Linux support for ARM big.LITTLE

Posted Feb 15, 2012 15:02 UTC (Wed) by tajyrink (subscriber, #2750)
In reply to: Linux support for ARM big.LITTLE by SEJeff
Parent article: Linux support for ARM big.LITTLE

I think it's NVIDIA's own approach to the same thing.

Linux support for ARM big.LITTLE

Posted Feb 15, 2012 15:08 UTC (Wed) by SEJeff (guest, #51588) [Link] (14 responses)

Right. Nvidia had the first shipping implementation vs ARM. I wonder if they got the idea from ARM, or ARM got the idea from the Tegra 3.

Linux support for ARM big.LITTLE

Posted Feb 15, 2012 15:21 UTC (Wed) by gioele (subscriber, #61675) [Link]

> I wonder if they got the idea from ARM, or ARM got the idea from the Tegra 3.

The idea _per se_ is not new at all, see the asymmetric multi-CPUs [1] in the '70s or the Cell architecture in 2000 [2].

[1] https://en.wikipedia.org/wiki/Asymmetric_multiprocessing
[2] https://en.wikipedia.org/wiki/Cell_%28microprocessor%29

Linux support for ARM big.LITTLE

Posted Feb 15, 2012 15:33 UTC (Wed) by hamjudo (guest, #363) [Link]

Anybody who programmed a CDC Cyber 6600 thought, wouldn't it be great if we could make a system where the little processors ran the same instruction set as the big processors?

Wikipedia says the Cyber came out in 1964. There are many earlier examples.

Linux support for ARM big.LITTLE

Posted Feb 15, 2012 16:50 UTC (Wed) by drag (guest, #31333) [Link] (10 responses)

It's very common for ARM systems to have disparate processors. My GP2X handheld is dual core system. It has a regular ARM processor and then a second processor for accelerating some types of multimedia functions.

Then, of course, there is modern x86-64 systems were the GPU is a now a coprocessor that can be used for anything, rather then something dedicated just for graphics.

I don't know how common it is to have disparate general purpose processors, however. With my GP2X the application had to be optimized to take advantage of the second processor.
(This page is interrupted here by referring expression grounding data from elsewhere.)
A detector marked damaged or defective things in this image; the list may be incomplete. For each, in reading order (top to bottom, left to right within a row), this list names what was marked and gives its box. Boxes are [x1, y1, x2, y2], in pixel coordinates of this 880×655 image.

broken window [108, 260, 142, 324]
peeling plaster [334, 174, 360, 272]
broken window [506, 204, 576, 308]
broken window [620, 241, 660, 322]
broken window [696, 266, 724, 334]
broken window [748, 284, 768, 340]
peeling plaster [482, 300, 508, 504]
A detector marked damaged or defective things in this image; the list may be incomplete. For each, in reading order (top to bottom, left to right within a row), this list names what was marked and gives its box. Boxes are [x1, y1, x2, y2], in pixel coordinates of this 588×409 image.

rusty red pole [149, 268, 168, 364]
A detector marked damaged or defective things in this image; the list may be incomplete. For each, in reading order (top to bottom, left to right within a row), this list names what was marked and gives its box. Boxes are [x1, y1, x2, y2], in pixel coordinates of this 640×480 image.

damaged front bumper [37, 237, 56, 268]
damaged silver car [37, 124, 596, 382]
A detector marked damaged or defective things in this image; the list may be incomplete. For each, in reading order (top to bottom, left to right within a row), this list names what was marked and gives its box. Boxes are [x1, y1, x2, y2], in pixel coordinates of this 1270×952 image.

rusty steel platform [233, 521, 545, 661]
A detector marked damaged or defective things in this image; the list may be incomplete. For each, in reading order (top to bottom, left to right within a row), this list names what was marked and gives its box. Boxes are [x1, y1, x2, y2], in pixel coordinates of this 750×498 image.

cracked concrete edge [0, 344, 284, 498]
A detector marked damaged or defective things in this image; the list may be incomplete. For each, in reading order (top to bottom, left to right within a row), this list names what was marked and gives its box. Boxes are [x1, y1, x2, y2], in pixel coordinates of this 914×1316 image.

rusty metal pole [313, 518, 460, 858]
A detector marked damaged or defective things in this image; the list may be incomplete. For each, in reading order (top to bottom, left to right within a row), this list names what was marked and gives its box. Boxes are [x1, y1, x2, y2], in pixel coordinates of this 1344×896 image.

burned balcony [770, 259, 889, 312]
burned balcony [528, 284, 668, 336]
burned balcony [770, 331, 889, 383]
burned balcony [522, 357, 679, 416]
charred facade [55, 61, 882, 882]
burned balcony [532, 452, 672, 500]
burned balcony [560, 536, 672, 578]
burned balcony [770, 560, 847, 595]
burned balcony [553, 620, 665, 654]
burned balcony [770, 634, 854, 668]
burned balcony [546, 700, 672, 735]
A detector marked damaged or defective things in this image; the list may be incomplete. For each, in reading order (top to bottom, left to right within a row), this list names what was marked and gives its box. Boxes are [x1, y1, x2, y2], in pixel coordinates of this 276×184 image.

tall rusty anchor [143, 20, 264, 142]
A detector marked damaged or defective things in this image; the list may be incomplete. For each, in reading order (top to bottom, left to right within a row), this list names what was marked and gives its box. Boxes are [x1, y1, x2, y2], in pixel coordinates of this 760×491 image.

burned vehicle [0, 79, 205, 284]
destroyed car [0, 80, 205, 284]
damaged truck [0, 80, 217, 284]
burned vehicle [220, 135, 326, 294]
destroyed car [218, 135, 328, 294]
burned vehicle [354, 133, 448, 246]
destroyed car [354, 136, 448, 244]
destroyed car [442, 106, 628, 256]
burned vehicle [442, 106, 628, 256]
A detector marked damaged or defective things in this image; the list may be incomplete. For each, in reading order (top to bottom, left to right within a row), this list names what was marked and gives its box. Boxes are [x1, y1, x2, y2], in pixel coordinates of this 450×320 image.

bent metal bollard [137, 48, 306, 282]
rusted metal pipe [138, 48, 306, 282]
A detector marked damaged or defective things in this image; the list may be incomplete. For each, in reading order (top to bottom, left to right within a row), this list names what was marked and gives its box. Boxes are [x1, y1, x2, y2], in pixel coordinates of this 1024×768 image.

Linux support for ARM big.LITTLE

Posted Feb 15, 2012 17:04 UTC (Wed) by jzbiciak (guest, #5246) [Link] (8 responses)

Right, but IIRC, the OS runs as a single processor OS, and the second CPU is treated as more like a peripheral. You write your video / graphics processing code for the second ARM and then it becomes an application specific accelerator, not too much different than dedicated hardware, but tuned for a particular app.

Heck, even desktop PCs have been asymmetric multiprocessor since their introduction (8038 in the keyboard controller, 8088 running the apps), but the OS really only thinks about the main CPU.

The A7/A15 split is rather different: This wants to run SMP Linux across both types of cores, dynamically moving tasks between the A7 and A15 side of the world seamlessly. All of the processor cores are considered generic resources, just with different performance/power envelopes. That's rather different from the GP2X model.

Linux support for ARM big.LITTLE

Posted Feb 15, 2012 18:16 UTC (Wed) by jmorris42 (guest, #2203) [Link] (7 responses)

> Right, but IIRC, the OS runs as a single processor OS, and the
> second CPU is treated as more like a peripheral.

True but that is because of reasons above the silicon. In a typical bottom of the line Android phone you already have multiple processing cores. Mine has two ARM cores, two DSPs plus the GPU. One ARM and one DSP are dedicated to the radio to keep that side a silo but the processors can talk to each other and share one block of RAM. So there isn't a techinical reason an OS couldn't be written for that old hardware that unified all five processing elements and dispatched executable code between the ARM cores as needed. It just wouldn't be a phone anymore.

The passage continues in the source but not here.